The WGA East has reached out to a federal mediator and the company has agreed to meet with the mediator virtually, per the union-side source.

In a statement, a G/O Media spokesperson called the union’s assertions in the filing “offensive.” The spokesperson said this week’s negotiations “were always scheduled to be virtual, not in person” and denied that a representative from management sent a threatening email. “We have bargained in good faith throughout this process, and welcome the involvement of a mediator in a virtual setting as requested,” the spokesperson said.

The spokesperson added that the company’s latest offer represents a “meaningful improvement” from the bargaining unit’s current contract. “The union has yet to come forward with a serious proposal, and instead has made a series of outlandish demands that are completely disconnected from the current challenging economic environment facing all media companies,” the spokesperson said.

Negotiations over a new labor contract have been ongoing between labor and management since Nov. 20, 2023. The union is seeking guardrails on the use of AI, higher wages and raises and improvement to benefits. The talks so far have been fraught, with union members threatening that they will strike if a deal is not reached by the agreement’s expiration date of Jan. 31.
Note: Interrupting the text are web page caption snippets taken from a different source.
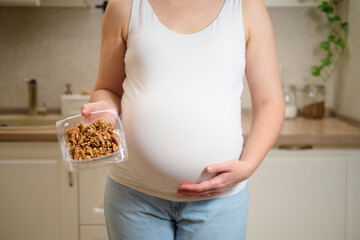 A pregnant woman holds walnuts nuts in her hands while standing in her home kitchen. Pregnancy and...
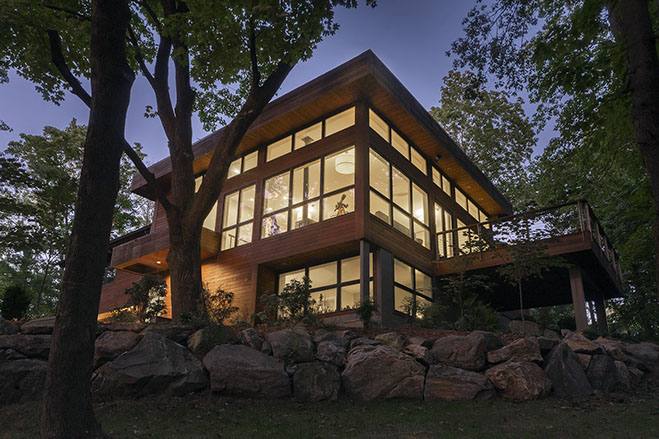 Modern glass house at dusk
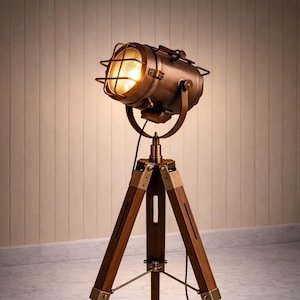 May include: A set of three ceramic mugs with a speckled, matte finish. The mugs are in shades of cream, light brown, and dark brown. Each mug has a simple, minimalist design and a rounded handle.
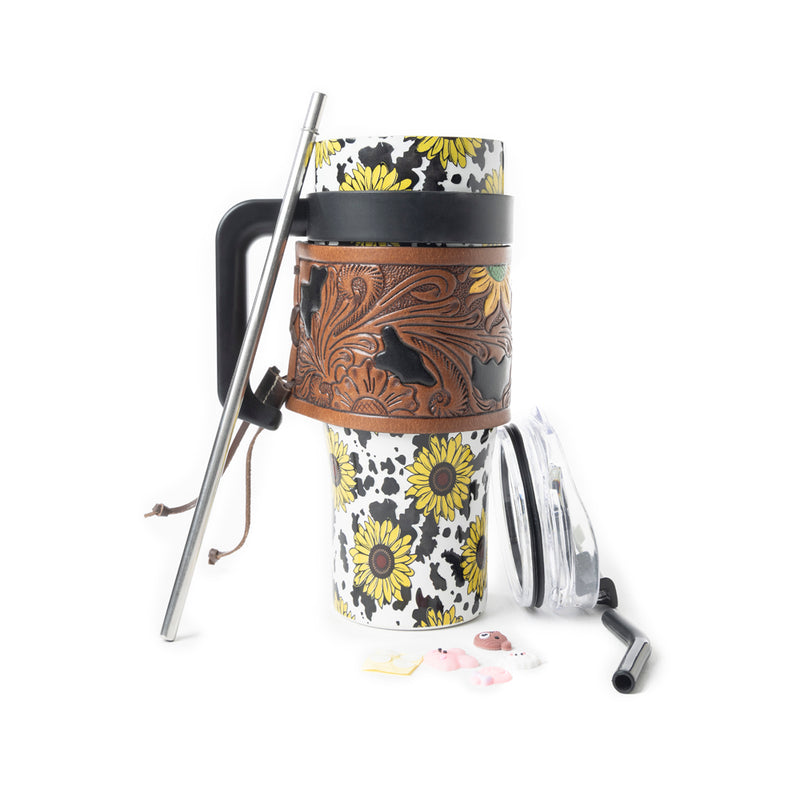 Myra Wide Wyoming 40oz Stainless Steel Tumbler Black and White Cow with Sunflowers and Hand Tooled Leather
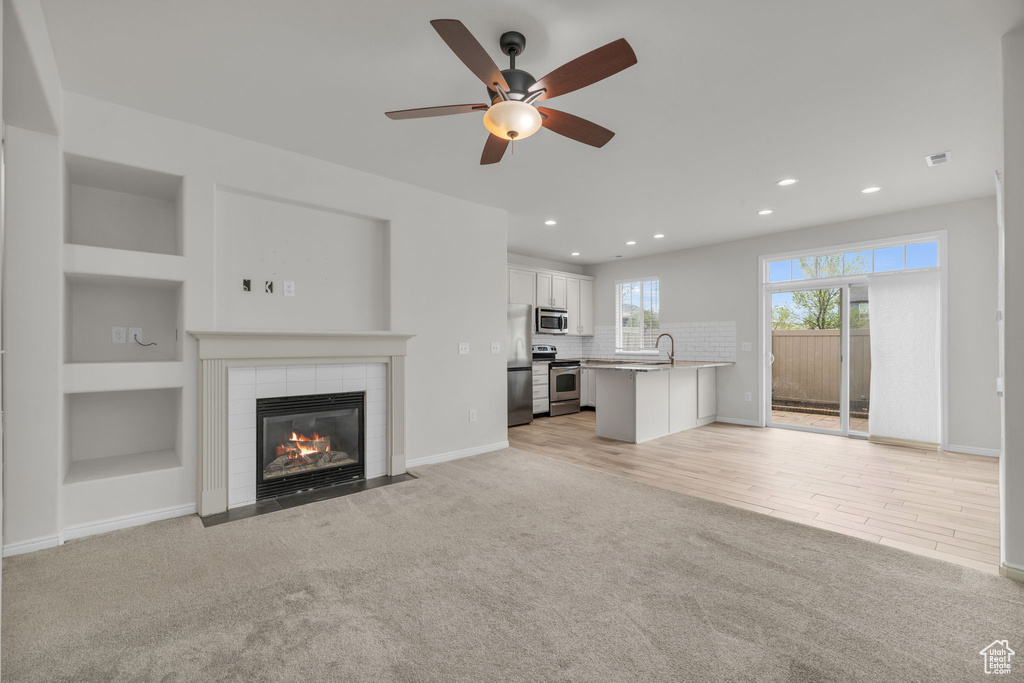 Unfurnished living room featuring light colored carpet, a fireplace, and ceiling fan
Meanwhile, as the negotiations continues, Adweek reported on Wednesday that the company is attempting to find buyers for various brands as headwinds continue to buffet the media business. A representative for G/O Media called the report “largely incorrect” but said the company is “always entertaining opportunities.”
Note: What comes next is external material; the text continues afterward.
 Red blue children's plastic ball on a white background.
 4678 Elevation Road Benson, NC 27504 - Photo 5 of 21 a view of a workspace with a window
The Onion Union said in a statement about Thursday’s charge, “We came ready to bargain for a fair contract and make movement to reach a middle ground. It’s unfortunate that management is not interested in getting a deal or bargaining in good faith. We’re simply asking for fair pay and basic protections against AI, which is an existential threat to our industry. There is one person standing in the way of this deal: G/O Media CEO Jim Spanfeller.”